As regulations like DORA and NIS2 tighten, companies in critical infrastructure and finance are finding that standard cloud providers cannot guarantee protection against the reach of the U.S. CLOUD Act. Omada’s new approach aims to eliminate this exposure by decoupling identity governance from specific cloud providers. By allowing organizations to host the software on their own infrastructure or chosen sovereign clouds, the company ensures that data remains under the exclusive legal and operational jurisdiction of the customer.
Omada Launches Sovereign Identity Platform to Bypass U.S. Cloud Control
Regulated European firms face a mounting clash between modern cloud requirements and strict data residency laws. Copenhagen-based Omada is responding to this pressure with its new Identity Sovereign platform, a containerized solution designed to keep operational and jurisdictional control entirely within European borders.

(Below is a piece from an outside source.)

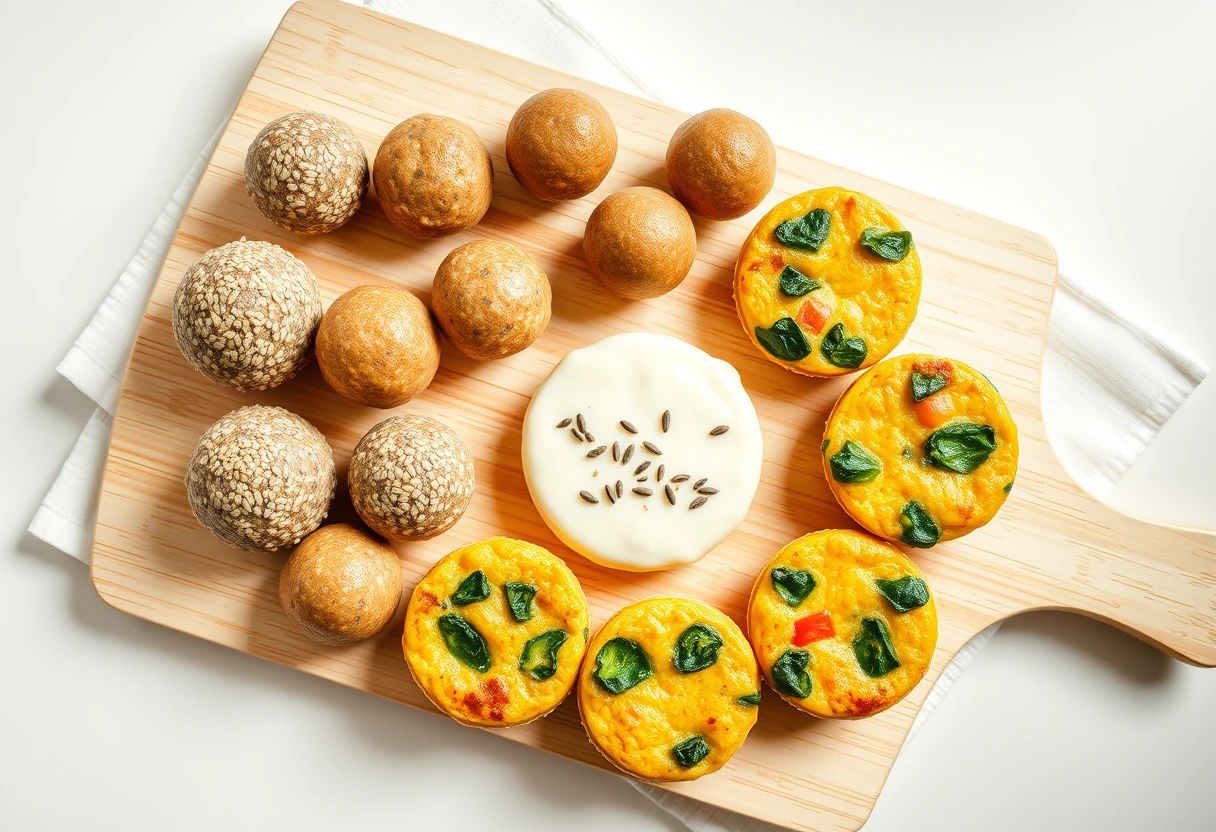 A variety of homemade energy bites and mini frittatas arranged on a wooden board, showcasing quick and healthy snacks for kids.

This move represents a shift toward a containerized, flexible deployment model that maintains full feature parity with existing SaaS offerings, including AI-driven identity insights. CEO Jakob H. Kraglund emphasized that the platform is built to satisfy the strictest digital sovereignty standards, specifically targeting the SEAL-3 level of compliance. With the product currently in development and slated for a 2027 release, the firm is positioning itself to provide a necessary alternative for entities that can no longer rely on American-controlled tech stacks for their most sensitive access governance.